Culture shock

By December 6, 2011Blog
Reading Time: 3 minutes


You decided to combine your cultures into one wedding and now you are facing some interesting decisions, but fear not, many other couples from different cultures also tied the knot in style. You simply need to be able to compromise well. One important note – prepare your guests by supplying enough information on how the day may go.

He was a dark and tall man from Africa and she was as British as one can be. Love struck them hard and marriage was on the cards. Due to the bad weather in Britain, the couple opted for an African wedding in South Africa. Her guests were very delighted about the prospect of an overseas trip as well as a wonderful wedding.

The day of the wedding, the mercury rose to 42’ Celsius. British guests – all dressed in their Sunday best, were quite taken when they had to kneel down and crawl into a ‘Boma’ (a low hut with no windows and a thatch roof) for the ceremony. Inside they found mats for them to sit on. Young and old found a way to sit flat on the floor and the waiting started.

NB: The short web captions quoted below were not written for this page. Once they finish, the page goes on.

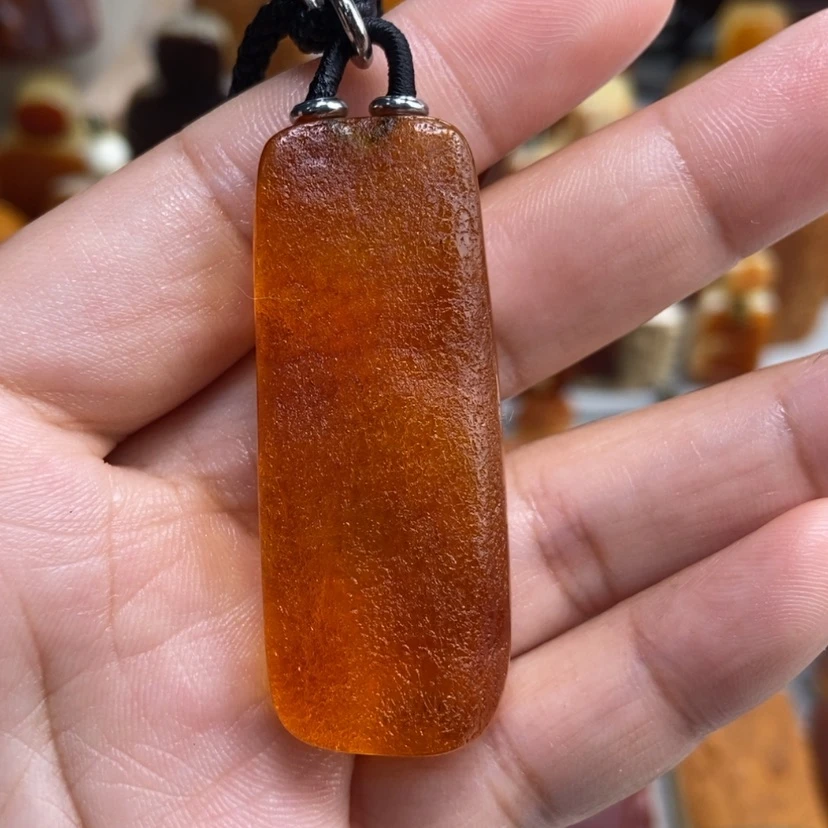 【闪购商品】琥珀颈饰未镶嵌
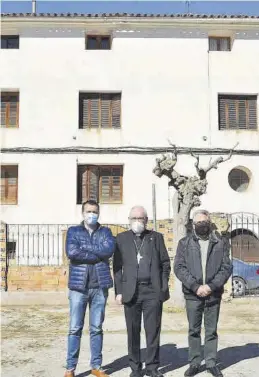  ?? AYTO. SAN ESTEBAN DE LA LITERA ?? El alcalde, Fernando Sabés, el obispo, Ángel Pérez, y Eduardo Faro.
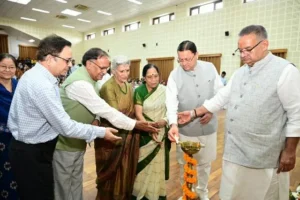 हिंदी हमारी राष्ट्रीय चेतना और सांस्कृतिक पहचान की सशक्त अभिव्यक्ति - धामी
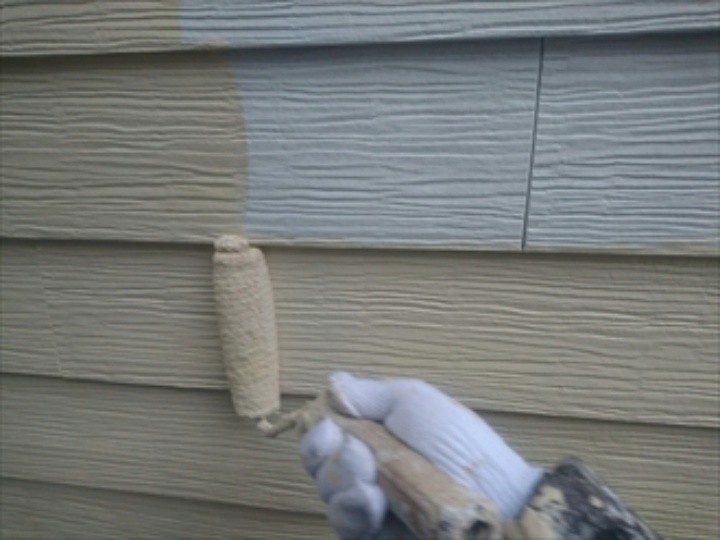 パーフェクトトップを用いたサイディング外壁の塗装作業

African weddings are not a rushed affair and the bride is typically one hour late. Our bride kept to this tradition. Her guests lost most of the feeling they had in their legs by then, but before they could faint in the Boma, two drummers dressed in small leopard skin outfits ducked under the low door and let rip.

Guests jumped with fear and were shell shocked by this sudden very load noise. Some covered their ears. The drummers went on for quite a while, sending sweat all over the seated guests. Then a sudden silence caught the guests off guard, but just as they lifted their heads to see what was going on, the ‘Sangoma’ (holy man) entered the Boma.

He had a Zebra tail with him, which he dipped into a mixture of animal urine and blood. He swung the tail wildly and sent spatters of fluid all over the place. His cries filled every person with fear as he shouted out blessings and curses meant to drive away the bad spirits. Not an eye blinked as the British guests sat wordless – lame from circulation problems, their ears completely ringing and their outfits spoiled by sweat and blood.

Eventually the bride made her way into the Boma, all smiles, but when she saw her mother on the brink of passing out, she noticed the strain guests were under. There was nothing she could do but wait for her husband to be to arrive all singing and dancing. He took his place and the ceremony began. As I said earlier, an African wedding is not a rushed affair, so one hour later they were ready to tie the knot.

As they said their ‘I do’s’, the drummers, some women and the Sangoma broke out into loud song and dance. This was about as much as the foreign guests could handle and they started crawling on hands and knees out from the Boma. Outside they simply fell onto their backs and lay there gasping the fresh air. The fiery afternoon sun was much cooler than the heat inside the Boma.

Guests might have been shocked and very uncomfortable, but as soon as they were refreshed, every one agreed that this was a wedding that they will never forget. This put a large smile on the brides face as she made her rounds with her new husband in tow.

Fires burned till late in the night and songs from the British and the black community rung up as guests partied away under African skies.